How has the device impacted your diabetes management?
The device has really made my day-to-day management of my diabetes a lot easier. It has allowed me to learn very quickly how different things can affect my blood sugar levels, such as food, medication and exercise. Because I understand how these things affect my sugar levels, I can change what I eat or what I do to stay within my target. This allows me to plan my diabetes around my day and not the other way around!
Are there any factors which are particularly advantageous?
I like the fact that I can connect my meter to an app on my phone. The app organises all my blood sugar results in a colour-coded logbook which allows me to see quickly and easily if my level is below, within, or above target. I also get alerts from the mobile app about high and low blood sugar patterns so that I can make changes to try to prevent these in the future.
How does the meter’s usage slot into your day-to-day routine?
The glucometer is very quick and easy-to-use – each test and result takes less than a minute, so I don’t have to plan my day around when I need to test my blood sugars and can very easily do it on the go, and when I’m out and about.
Have you found adherence difficult?
Following my diagnosis it took a little while to get used to having to measure my blood sugars and getting to grips with how to react to what the result was, but now it is just part of my every day routine and I don’t think twice about it!
How often do you attend for diabetes check-ups? What do these visits consist of?
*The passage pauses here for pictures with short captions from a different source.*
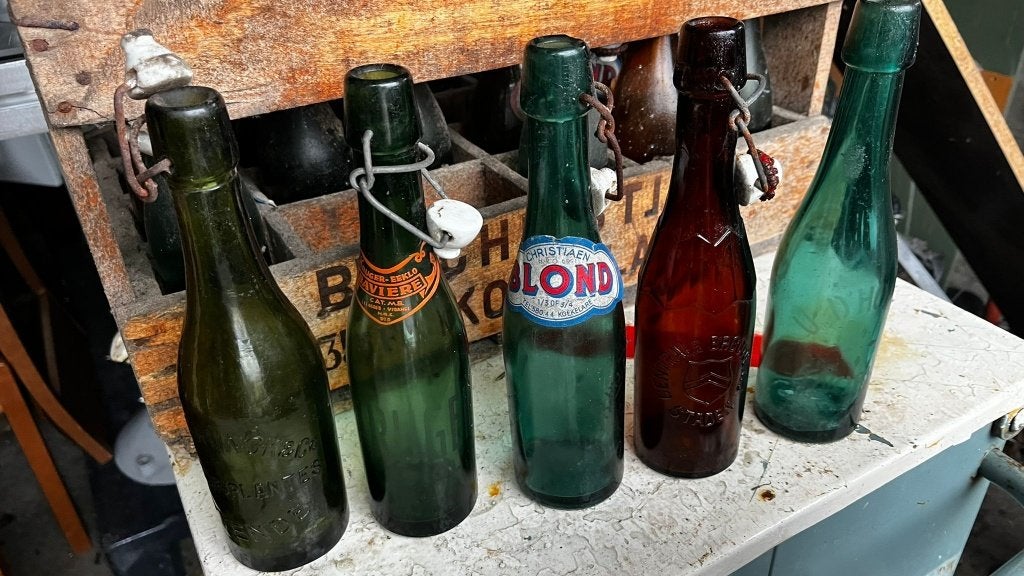 Antieke bierflessen en houten kratten Brouwerij Christiaen, Ophalen, Gebruikt, Flesje(s), Overige merken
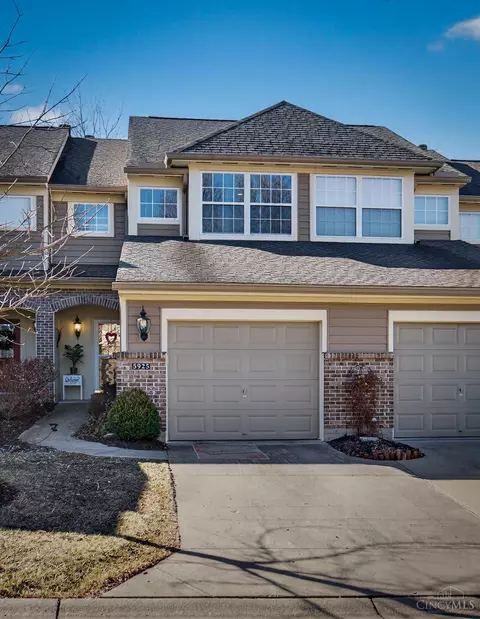 5925 Castlewood Xing, Milford, OH 45150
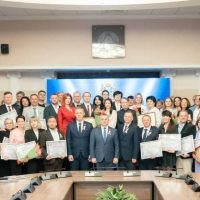 У Гомелі ўручаюць узнагароды дзяржаўным СМІ на фоне знішчэння незалежнай журналістыкі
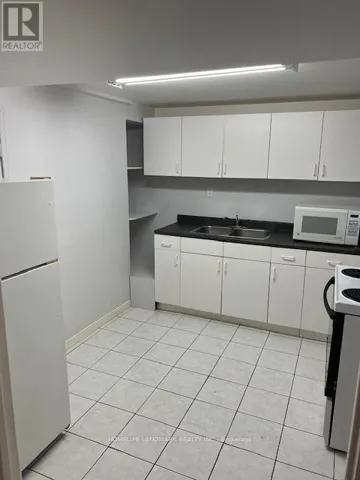 LOWER LEVEL - 1216 SHAMIR CRESCENT, Mississauga (Erindale), Ontario L5C1L1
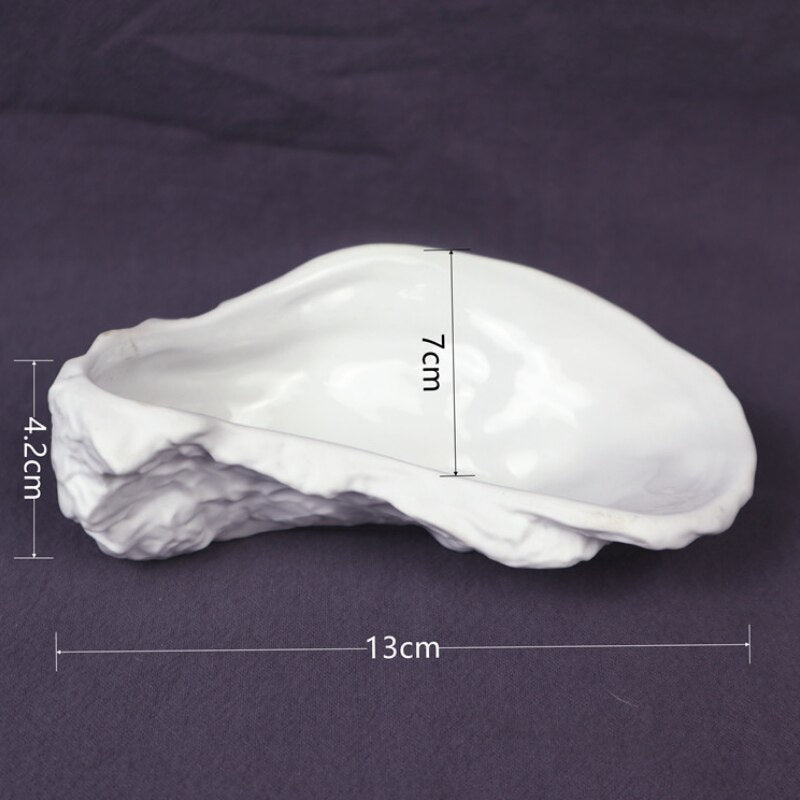 BowLift | Oyster Shaped Ceramic Plate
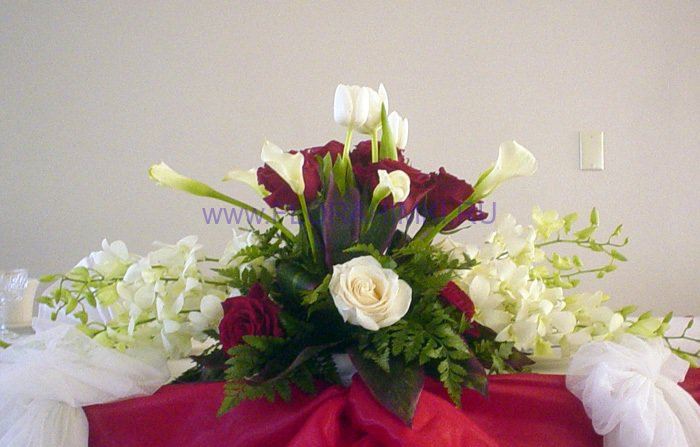 Свадебная композиция на стол 16 Розы, орхидеи, каллы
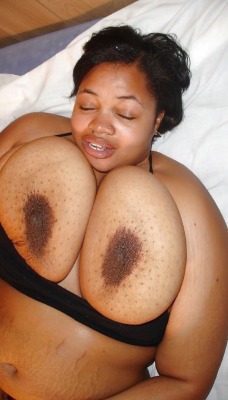 bigtittysbignipplesbigareolas:  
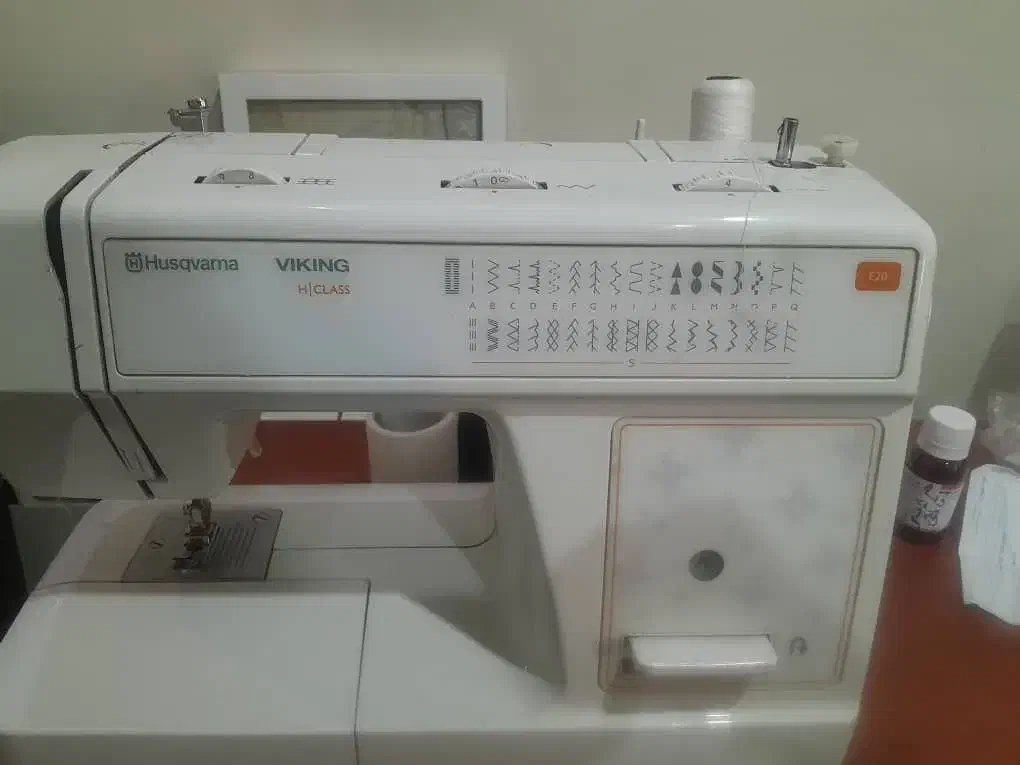 چرخ خیاطی دیجیتالی  هاسکوارنا|چرخ خیاطی و ریسندگی|تهران, وحیدیه|دیوار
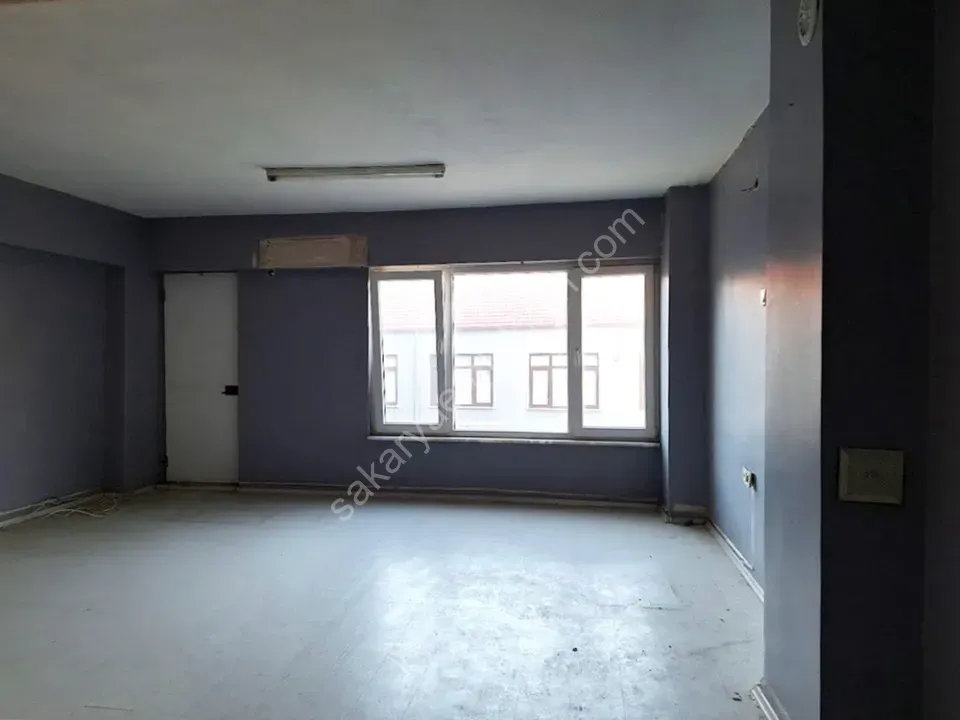 ADAPAZARI TIĞCILAR MAHALLESİNDE KİRALIK OFİS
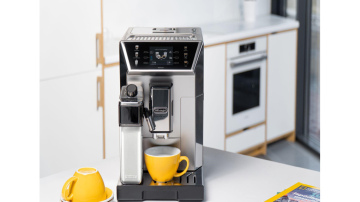 Kāpēc kafijas automāts ar piena putotāju ir obligāts latte cienītājiem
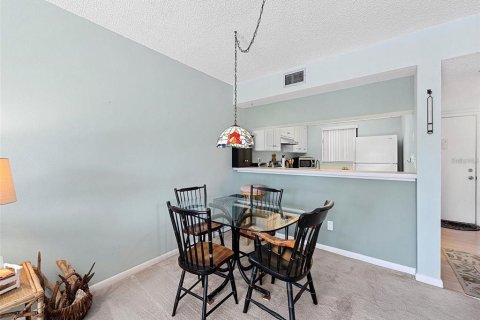 Condo in Venice, Florida, 1 bedroom  № 1810267 - photo 9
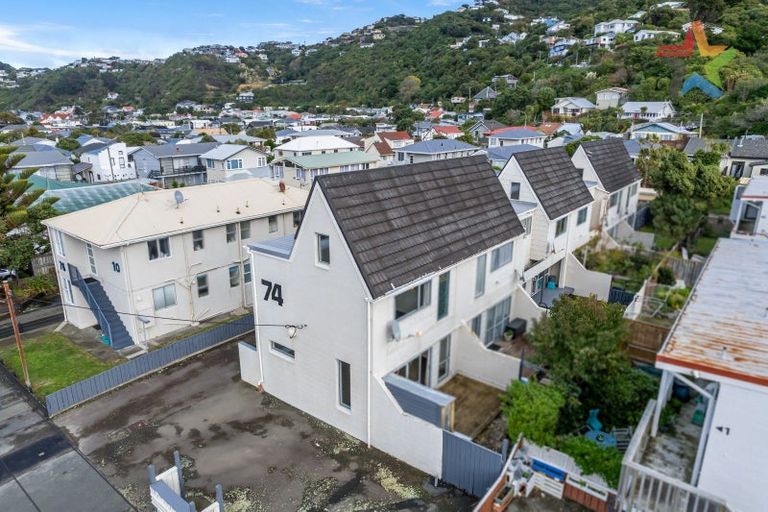 Photo of property in 74f4 Freyberg Street, Lyall Bay, Wellington, 6022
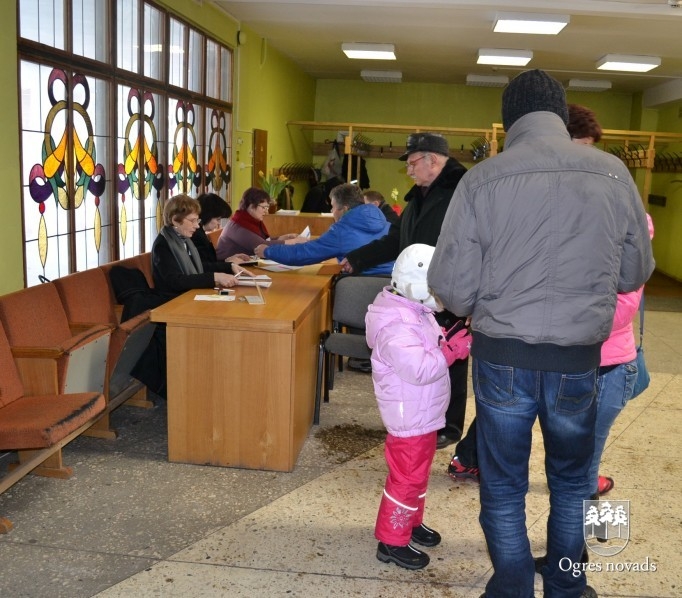 Tautas nobalsošana 2012. gada 18. februārī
I attended for my initial appointment, and then again three months later to make sure that everything was moving in the right direction. Now, I attend for a full review of my diabetes once a year – it’s a bit like an MOT!
I attend my GP surgery for bloods and a urine test a week or two before my appointment, and then at the appointment my bloods are reviewed, we look at my diet together, and I get a diabetic foot check. My medication is also reviewed to see if I still need to take it. Because I have been working really hard at my diet and exercise my dose of medication was recently reduced. As diabetes can also cause diabetic retinopathy, I also get my eyes screened once a year to check that there have been no changes to the back of my eye.
Do you think that diabetes meters have evolved throughout the years?
This is the second glucometer I have used since being diagnosed and I can definitely see a major advancement in just a few years. Not only does the meter have a very modern design, but it fits around our modern-day busy lives effortlessly with features like linking it to a mobile app which send you messages and tips from your own ‘Blood Sugar Mentor’! This means I can live my diabetic life with ease (for now that is, until I’m in remission).